6115 Niagara Falls Blvd., LLC v. Calamar Constr. Mgt., Inc.

6115 Niagara Falls Blvd., LLC v Calamar Constr. Mgt., Inc. (2021 NY Slip Op 02707)
6115 Niagara Falls Blvd., LLC v Calamar Constr. Mgt., Inc.
2021 NY Slip Op 02707
Decided on April 30, 2021
Appellate Division, Fourth Department
Published by New York State Law Reporting Bureau pursuant to Judiciary Law § 431.
This opinion is uncorrected and subject to revision before publication in the Official Reports.


Decided on April 30, 2021 SUPREME COURT OF THE STATE OF NEW YORK Appellate Division, Fourth Judicial Department
PRESENT: SMITH, J.P., PERADOTTO, NEMOYER, WINSLOW, AND DEJOSEPH, JJ.

1257 CA 20-00030

[*1]6115 NIAGARA FALLS BOULEVARD, LLC, PLAINTIFF-APPELLANT-RESPONDENT,

v

CALAMAR CONSTRUCTION MANAGEMENT, INC., DEFENDANT-RESPONDENT-APPELLANT. (APPEAL NO. 1.)




DUKE, HOLZMAN, PHOTIADIS & GRESENS LLP, BUFFALO (ELIZABETH A. KRAENGEL OF COUNSEL), FOR PLAINTIFF-APPELLANT-RESPONDENT.

SARAH K. HYMAN, WHEATFIELD, FOR DEFENDANT-RESPONDENT-APPELLANT.



Appeal and cross appeal from an order of the Supreme Court, Niagara County (Timothy J. Walker, A.J.), entered December 13, 2019. The order, among other things, granted that part of plaintiff's motion seeking to enforce the stipulation of settlement and settlement agreement and denied that part of plaintiff's motion seeking attorneys' fees, costs and disbursements.

It is hereby ORDERED that the order so appealed from is unanimously modified on the law by denying in its entirety plaintiff's motion to enforce the stipulation of settlement and settlement agreement and rescinding the stipulation of settlement and settlement agreement, and as modified the order is affirmed without costs.
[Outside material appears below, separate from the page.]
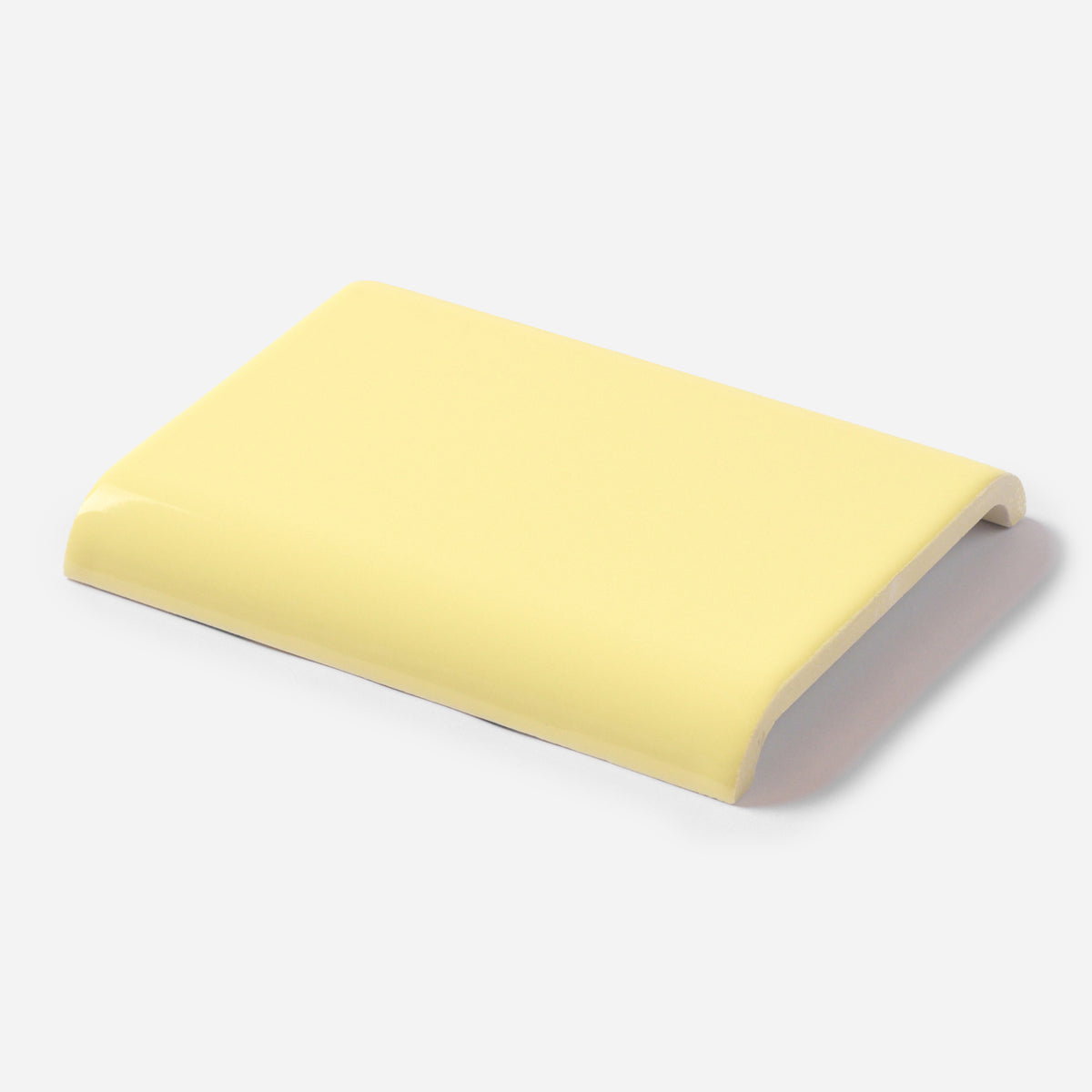 1970s Florida Tile Manchu Yellow Double Bullnose Jamb Tile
Memorandum: Plaintiff, a property owner, contracted with defendant as the general contractor on a construction project. After plaintiff commenced an action against defendant for breach of contract, the parties entered settlement discussions and thereafter ostensibly reached an agreement that was memorialized by an oral stipulation of settlement in court (stipulation) and a written settlement agreement (settlement) (collectively, agreement). A dispute subsequently arose with respect to the meaning of the terms of the agreement. Plaintiff asserted that a credit or reimbursement of approximately $97,000 included in the stipulation and settlement constituted a separate payment that defendant was required to pay in addition to the separately-identified lump sum payment of $150,000. Defendant, conversely, asserted that the approximately $97,000 was not a separate payment due to plaintiff, but instead merely represented a credit or reimbursement that was to be reflected in the final payment application for the construction project.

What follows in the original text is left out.